Comment prévenir les fautes de gestion ?
La prévention passe avant tout par un contrôle régulier et structuré. Un conseil syndical actif, qui examine les comptes, suit l'exécution des travaux et maintient un dialogue exigeant avec le syndic, est le meilleur rempart contre les dérives.
Vérifiez systématiquement en assemblée générale que le syndic présente ses justificatifs : attestation d'assurance de l'immeuble, quitus de gestion, relevé des charges et des dépenses. L'approbation du quitus ne doit jamais être automatique, c'est l'acte par lequel les copropriétaires déchargent le syndic de sa responsabilité pour l'exercice écoulé.
Certaines copropriétés choisissent de se doter d'un syndic bénévole ou d'un syndic coopératif pour reprendre directement le contrôle de la gestion. D'autres font appel à un syndic professionnel en s'assurant d'un suivi rigoureux via un conseil syndical impliqué. Matera, par exemple, associe des gestionnaires dédiés à un espace personnalisé qui donne aux copropriétaires un accès direct aux documents et aux comptes de leur copropriété, facilitant ce contrôle au quotidien.
FAQ
Peut-on changer de syndic en cours de mandat pour faute grave ?
Oui. En cas de faute grave, les copropriétaires peuvent convoquer une assemblée générale extraordinaire et voter la révocation du syndic avant l'échéance de son mandat. Si la faute est avérée, la révocation est justifiée et ne donne pas droit à indemnité. Si elle est prononcée sans motif légitime, le syndic peut réclamer des dommages-intérêts.

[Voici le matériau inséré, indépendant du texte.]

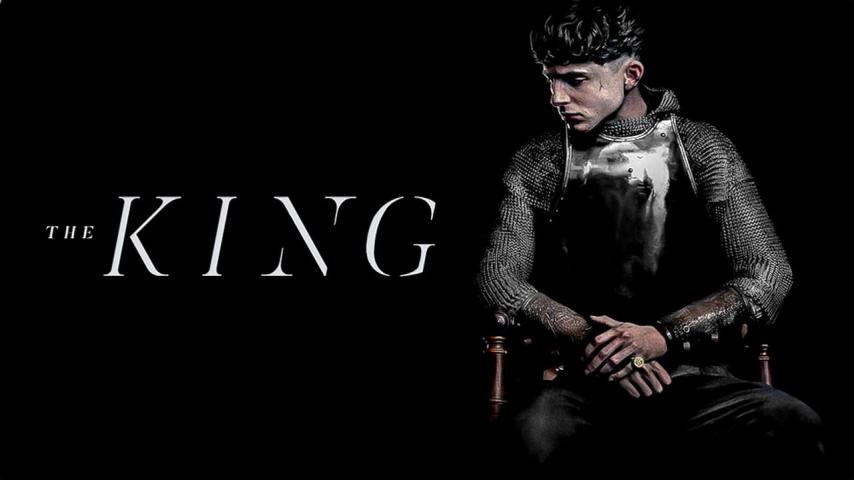 مشاهدة فيلم The King 2019 مترجم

Quelle est la différence entre une faute simple et une faute lourde du syndic ?
La faute simple est un manquement sans intention de nuire, par exemple, l'oubli de convoquer une assemblée dans les délais. La faute lourde implique une imprudence grossière ou un manquement délibéré, comme le défaut d'assurance de l'immeuble ou le détournement de fonds. La faute lourde engage plus fortement la responsabilité personnelle du syndic et justifie sa révocation immédiate.
Le syndic peut-il être poursuivi pénalement ?
Oui, dans certains cas. Un détournement des fonds du syndicat peut constituer un abus de confiance au sens de l'article 314-1 du Code pénal. Des manquements graves à la sécurité de l'immeuble ayant conduit à un accident peuvent également engager la responsabilité pénale du syndic.
Que faire si le syndic ne répond pas à nos courriers ?
Commencez par envoyer une mise en demeure en recommandé avec accusé de réception. Si l'absence de réponse persiste, le conseil syndical peut demander la convocation d'une assemblée générale extraordinaire pour statuer sur la situation. Cette inaction du syndic constitue en elle-même un manquement à ses obligations.
Le quitus donné en assemblée générale protège-t-il le syndic de toute action ultérieure ?
Partiellement. Le quitus de gestion décharge le syndic de sa responsabilité pour les faits portés à la connaissance des copropriétaires lors du vote. Il ne couvre pas les fautes dissimulées ou découvertes après l'approbation des comptes. La prescription de 5 ans court à compter de la découverte réelle de la faute, pas du vote du quitus.
Quel est le délai pour engager la responsabilité du syndic ?
Le délai de prescription est de 5 ans à compter du jour où les copropriétaires ont eu connaissance de la faute, en application de l'article 42 de la loi du 10 juillet 1965. Au-delà, l'action est prescrite et ne peut plus être intentée.
Faut-il obligatoirement un avocat pour poursuivre le syndic ?
Un avocat n'est pas obligatoire en dessous de 10 000 € de demande devant le tribunal judiciaire, mais il est fortement conseillé. La procédure peut être complexe, et une assistance juridique augmente significativement les chances d'obtenir réparation.